= James Deren =

James "Jim" Deren was an American fisher. He owned and operated the Angler's Roost, a well-known fishing-tackle shop in New York City, for over forty years. The many notable clients of the Roost included Ted Williams, Benny Goodman, Bing Crosby, and Dwight D. Eisenhower. Deren invented several flies, such as The Fifty Degrees and Deren's Fox Dry Fly, and he was well known to anglers as a good source of information. He was a guest on "The Sportsman's Guide", a television show that ran for 26 weeks on the DuMont Television Network, and a technical panelist on the radio show "The Rod and Gun Club of the Air".

Deren began tying flies in grade school in New Jersey and sold his flies in New York, New Jersey and Pennsylvania. He started out as a fishing-tackle buyer for a shop in Newark and then worked for Alex Taylor and Company in New York City. He then became a buyer and salesman for Kirkland Brothers, where he advised clients on the technical aspects of fly-fishing and handled their fly-tying material. At that time he also began selling flytying material through a mail-order business he ran at night. This side business led him to quit his job at Kirkland Brothers and open the first Angler's Roost at 207 East Forty-third St., between 2nd and 3rd Ave, which later moved to the basement of the Chrysler Building and then the East Forty-fourth St location on the third floor of 141 East Forty-fourth St. near Grand Central Station.

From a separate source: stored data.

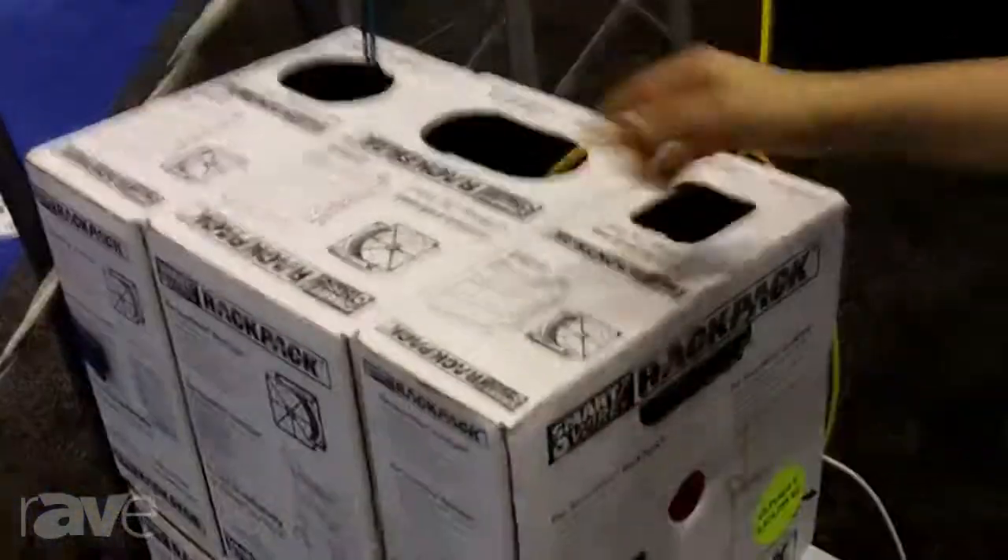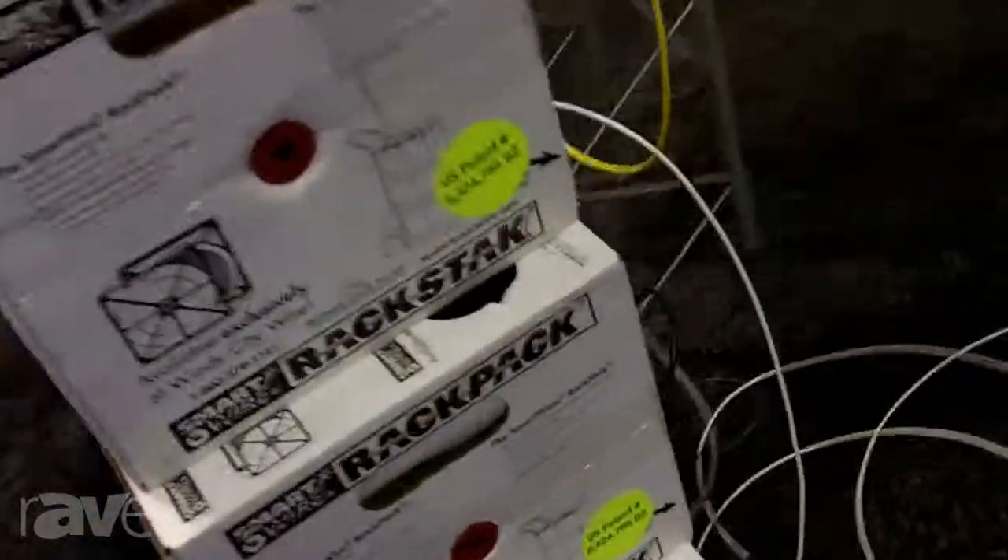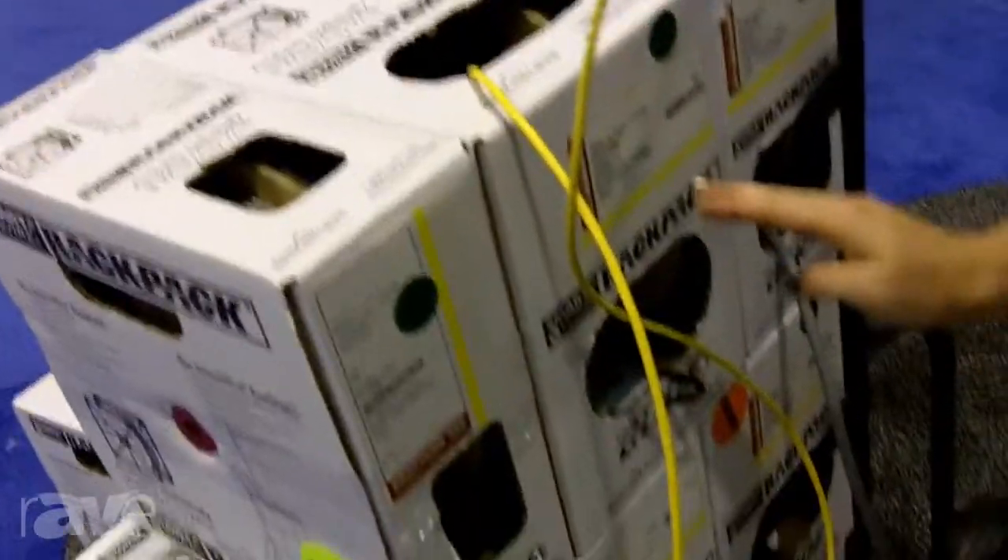As you can see from this system, which we call the Rack Pack Field System Solution, we have a patented box. There's an end cap on either side of the spool. There are perfect pull punch-outs on the side, top, and bottom, which allows an integrator to pull both horizontally, which is traditional, but also vertically.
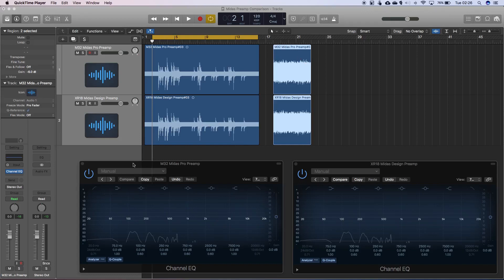I've also got two EQs in Logic - this is the only processing on these channels - just to show an RTA analysis of what we're seeing and hearing, and to see if there are any differences between them.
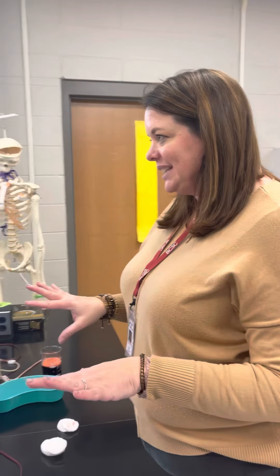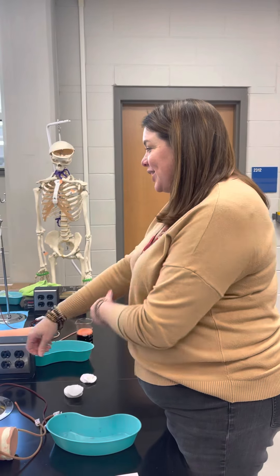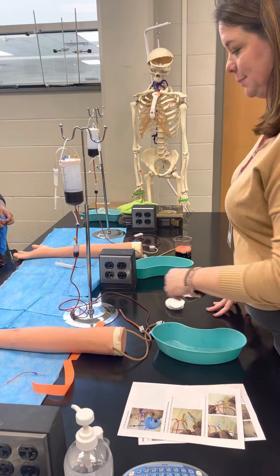Don't put your gloves on yet. Everyone has their own pair of gloves, but first I'm going to have you practice tying the tourniquet, because tying the tourniquet is really one of the trickiest parts.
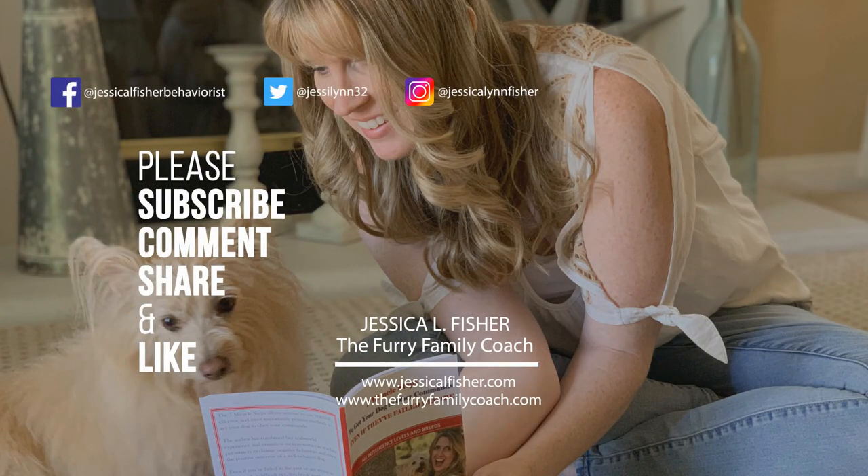Thanks for watching — make sure to give this video a thumbs up and subscribe to my channel so you never miss another video.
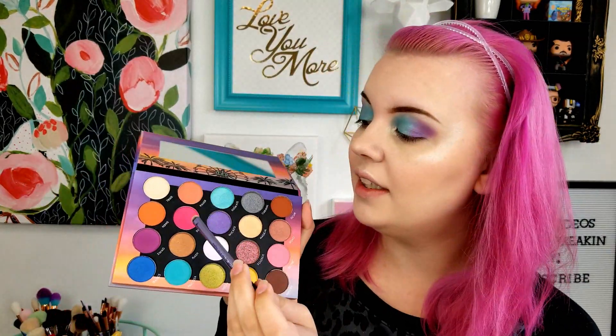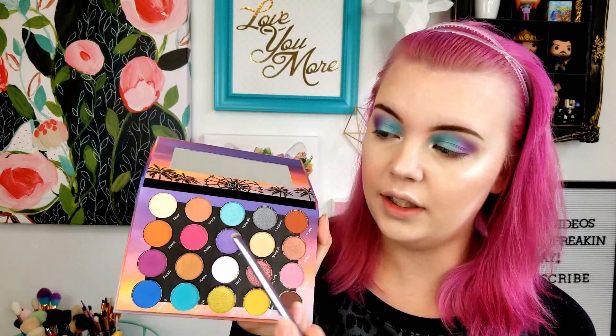I'm going to take another color in the palette — the color of Electric, which is a light pink — and kind of run it across the lower lash line. Then I'm going to take the color of Dippy, which is a darker pink, and put it on the very outer corner. They're both matte, so this should be okay, but that is pigmented.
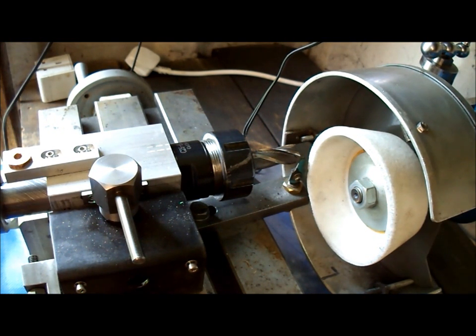This is the end mill sharpening fixture I've been working on. It's a bit of a conglomerate foundation of different ideas from different people — Philip Duclos, his shop wisdom, and Harold Hall's book.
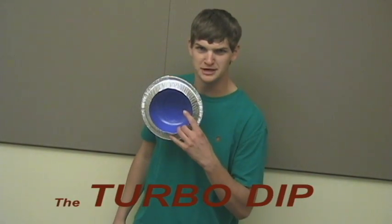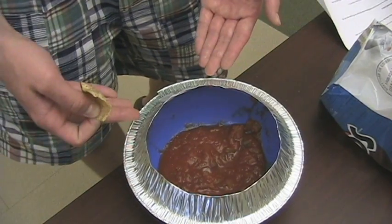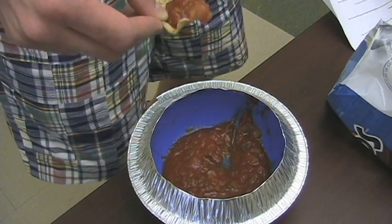Hi, I'm Andrew, here to tell you about Dip Unlimited's new product, the Turbo Dip. Its revolutionary design called the Perfect Dip Lip keeps the dip on the chip without spilling a drip.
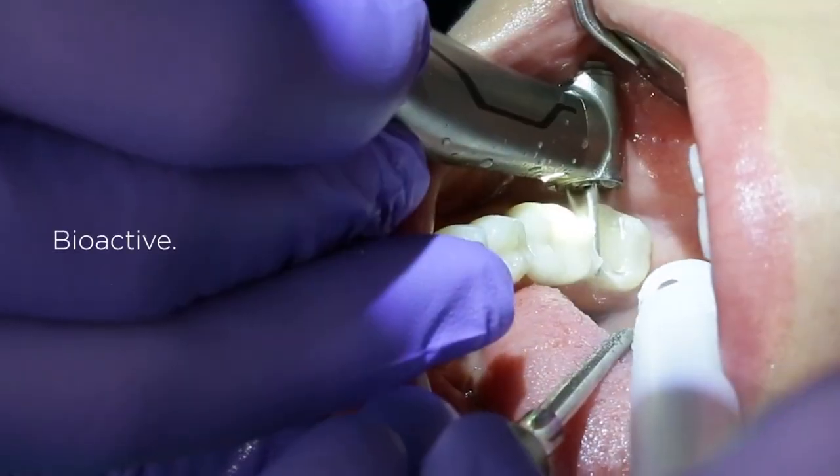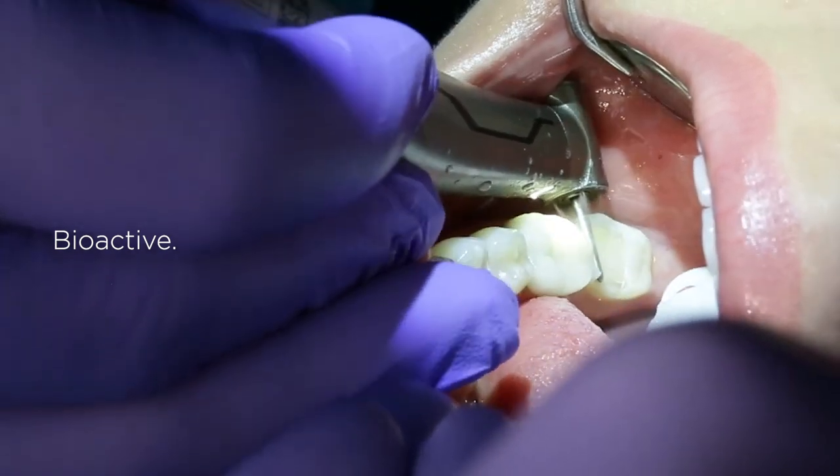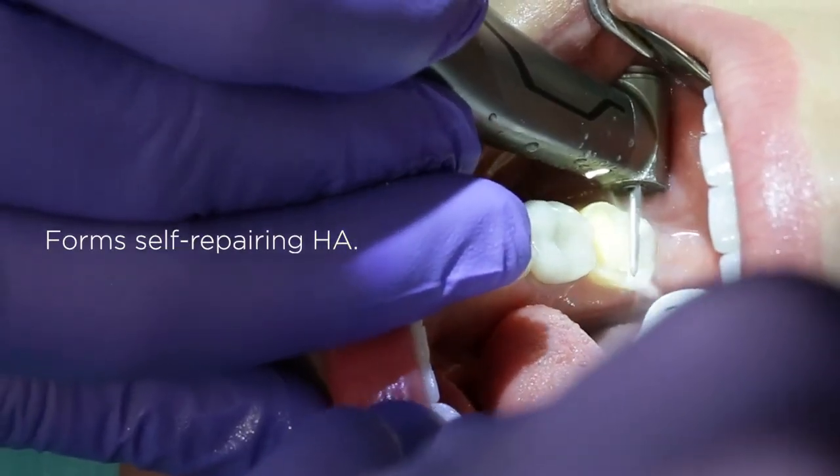Calibra Bio Bioactive Cement is ideal for posterior zirconia and metal restorations because it works well with moisture, offers easy cleanup, and forms a self-repairing hydroxyapatite layer that protects the marginal interface.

Deren was a first-rate angler and well known raconteur in the world of flyfishing. One of his notable quotes was posted in his shop: "There don't have to be a thousand fish in a river; let me locate a good one and I'll get a thousand dreams out of him before I catch him—and, if I catch him, I'll turn him loose."

Deren worked at the Roost until shortly before his death in 1983. In 1985, a tag sale and auction of his remaining merchandise was held for two days at Bedford Historical Hall in Bedford Village, New York.